In the data below, the answer is the run of lines from the line containing "It's on the Syllabus. Ornament thumb 0" through the line containing "Carl T. Pfeufer", both included; print it exactly and nothing else.
[Opening Supplied data section]
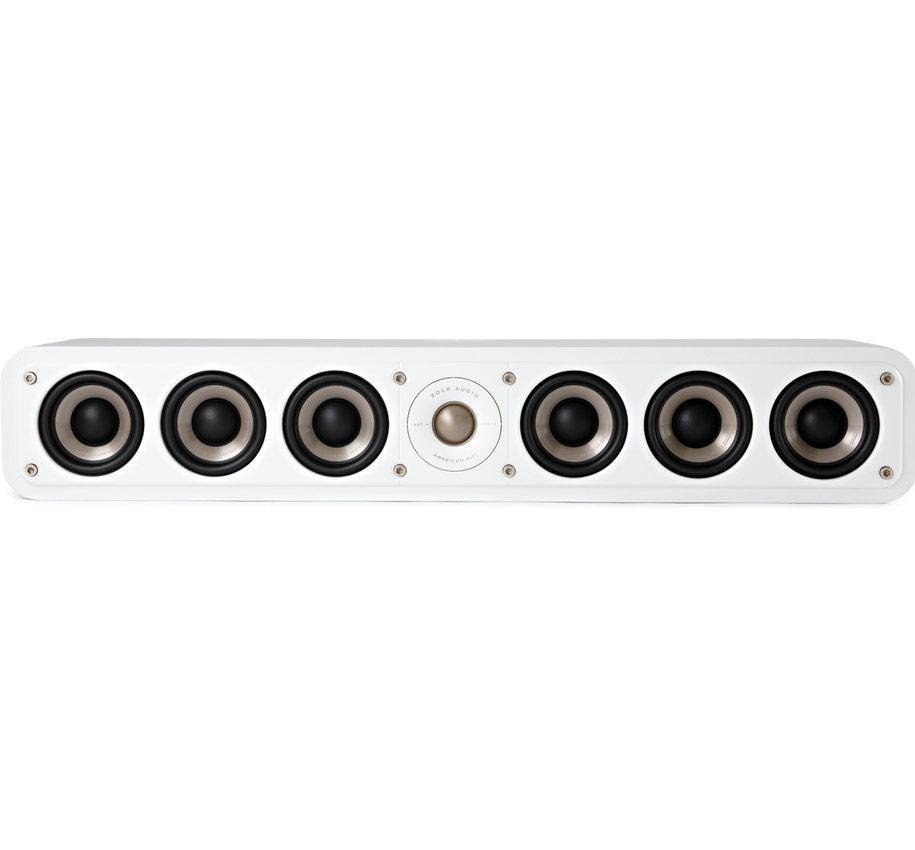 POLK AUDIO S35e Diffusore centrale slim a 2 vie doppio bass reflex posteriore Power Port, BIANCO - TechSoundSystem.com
[Closing Supplied data section]
[Opening Supplied data section]
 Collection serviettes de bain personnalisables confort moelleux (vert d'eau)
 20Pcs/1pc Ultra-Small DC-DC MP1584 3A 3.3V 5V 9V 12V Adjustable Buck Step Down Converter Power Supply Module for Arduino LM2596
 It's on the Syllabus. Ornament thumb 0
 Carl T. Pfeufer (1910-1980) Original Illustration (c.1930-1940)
[Closing Supplied data section]
■ Result for this task:
 It's on the Syllabus. Ornament thumb 0
 Carl T. Pfeufer (1910-1980) Original Illustration (c.1930-1940)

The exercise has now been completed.